A. Covered employment is employment by a company that has sufficient employees to be required by state statutes to have worker's compensation insurance in
a group. State law generally requires a minimum of 3 employees before worker's compensation coverage becomes mandatory. Certain types of workers are not covered in most states; these include agricultural workers, domestic employees, casual employees (employees who do not regularly work in the employment), professional athletes, and independent contractors.
Q. What benefits are available to injured workers under worker's compensation?
A. There are two primary types of worker's compensation benefits: (1) medical benefits, and (2) wage replacement benefits. Medical benefits include all medical services, including drugs, therapy, psychiatric care, rehabilitation, nursing services, home health aides and the like that are necessary to treat the work injury. Ordinarily, care must be rendered by a physician who is approved by the worker's compensation insurance company. Wage replacement benefits are paid during the time the employee is unable to work; in some states, benefits are payable after the employee returns to work if he has sustained a permanent injury or a reduction in earning capacity. The wage replacement benefit is one-half to two-thirds of the employee's regular wage, depending on state law. In some states, benefits may be terminated after a certain number of months or years even if the employee has not fully recovered from his injury. Ordinarily, if an employee is permanently and totally disabled from gainful employment, he/she will be entitled to lifetime wage replacement benefits with periodic cost-of-living increases. Many states have schedules of payments for different types of injuries and disabilities; the schedules may provide for payments in lump sum or over a period of time.
Q. How does an injured worker obtain benefits?
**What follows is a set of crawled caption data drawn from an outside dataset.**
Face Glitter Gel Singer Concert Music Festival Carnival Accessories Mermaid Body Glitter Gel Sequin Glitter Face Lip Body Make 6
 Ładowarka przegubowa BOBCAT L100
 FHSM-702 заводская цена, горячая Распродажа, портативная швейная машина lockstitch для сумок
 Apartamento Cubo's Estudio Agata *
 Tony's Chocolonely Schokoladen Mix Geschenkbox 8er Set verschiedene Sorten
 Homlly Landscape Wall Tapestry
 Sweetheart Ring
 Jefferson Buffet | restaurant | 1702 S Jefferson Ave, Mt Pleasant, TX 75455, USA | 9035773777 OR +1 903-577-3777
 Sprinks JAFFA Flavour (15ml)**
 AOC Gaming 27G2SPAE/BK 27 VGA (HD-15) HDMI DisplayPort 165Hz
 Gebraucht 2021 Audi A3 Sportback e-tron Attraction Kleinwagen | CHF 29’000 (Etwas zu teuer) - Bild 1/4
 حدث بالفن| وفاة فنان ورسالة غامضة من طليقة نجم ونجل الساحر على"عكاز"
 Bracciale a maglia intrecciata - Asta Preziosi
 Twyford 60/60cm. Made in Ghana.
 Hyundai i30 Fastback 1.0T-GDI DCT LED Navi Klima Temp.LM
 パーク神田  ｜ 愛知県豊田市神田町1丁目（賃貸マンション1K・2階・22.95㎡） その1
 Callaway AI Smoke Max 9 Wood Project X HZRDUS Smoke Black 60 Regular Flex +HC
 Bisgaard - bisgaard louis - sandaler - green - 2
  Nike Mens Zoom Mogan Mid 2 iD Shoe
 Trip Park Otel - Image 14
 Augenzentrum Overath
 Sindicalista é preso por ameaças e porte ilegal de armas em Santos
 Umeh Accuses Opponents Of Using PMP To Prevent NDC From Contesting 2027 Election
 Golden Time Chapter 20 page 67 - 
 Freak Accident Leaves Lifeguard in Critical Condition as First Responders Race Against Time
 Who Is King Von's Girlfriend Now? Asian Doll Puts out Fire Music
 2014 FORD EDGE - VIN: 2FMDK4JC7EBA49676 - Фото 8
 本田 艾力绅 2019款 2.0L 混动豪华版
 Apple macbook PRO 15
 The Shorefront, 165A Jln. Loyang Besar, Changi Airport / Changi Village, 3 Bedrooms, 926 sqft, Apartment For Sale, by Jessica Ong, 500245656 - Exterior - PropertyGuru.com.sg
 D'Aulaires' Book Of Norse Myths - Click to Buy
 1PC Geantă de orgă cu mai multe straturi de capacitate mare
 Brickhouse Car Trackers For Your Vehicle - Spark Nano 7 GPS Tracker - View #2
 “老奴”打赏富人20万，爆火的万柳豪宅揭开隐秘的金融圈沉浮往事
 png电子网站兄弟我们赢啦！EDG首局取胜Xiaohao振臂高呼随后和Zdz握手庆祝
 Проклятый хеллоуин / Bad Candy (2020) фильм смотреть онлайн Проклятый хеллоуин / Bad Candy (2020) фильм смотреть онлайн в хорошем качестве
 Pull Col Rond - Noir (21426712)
A. Worker's compensation is intended to be self-executing; that is, no application is filed when the injury occurs to initiate benefits. The worker must notify his employer of the injury; the employer is required by law to advise the compensation carrier (insurance company) of the accident. The compensation carrier must provide the employee with the names of authorized physicians so that treatment can begin. Emergency care is covered even without specific authorization. After a waiting period specified by state law, wage replacement benefits should also begin.
Q. Is an employee entitled to worker's compensation benefits if the injury resulted from his own negligence or carelessness?
Q. Can an employee sue his employer for causing his injury?
A. An employer generally cannot be sued by the worker for injuries resulting from the employer's negligence. By the same token, there is no reduction in compensation benefits if the employee's own negligence caused his own injury. The only exception to this rule arises if the employer intentionally injures the employee, and in some states, where the employer was grossly negligent.
Q. What happens if an employer fails to purchase required worker's compensation insurance?
A. Generally, the employee will be entitled to sue the employer for worker's compensation benefits in worker's compensation court, or he/she can elect to file an ordinary lawsuit in state court; the employer will not be allowed to defend the case on the grounds that the employee was negligent.
Q. What can an employee do if the worker's compensation insurance company denies the claim or fails to pay benefits?
A. Worker's compensation disputes are heard in a special court system by judges who hear only compensation matters. This area of law is
very specialized and an attorney with compensation experience should be retained. The attorney will file a claim for benefits, take depositions and set the case for hearing. In many states, the court will award attorney's fees to the injured worker's attorney if the claim is successful; it is therefore likely that qualified legal help can be obtained at no cost to the claimant (injured worker).
Q. How user friendly is the compensation system?
A. For the average family, a few weeks of salary means the difference between prosperity and bankruptcy. It may take a year or more to bring a compensation claim to final hearing. During the intervening period, the claimant may have no income and be denied medical care. Winning the case may be a hollow victory when the claimant has lost his home, car and pride.
Q. Can a claimant collect compensation and social security benefits if he/she is totally disabled?
A. There is a mandatory offset between social security disability benefits and worker's compensation benefits. Depending on the state you live in, either the social security benefits will be reduced because of the compensation payments or the compensation will be reduced because of the social security.
Q. Can a claimant settle his case for a lump sum?
A. In most states, the law does not encourage lump sum settlements; in some states such settlements are not permitted. Where allowed, the court must approve the settlement and determine that the settlement is in the best interests of the claimant.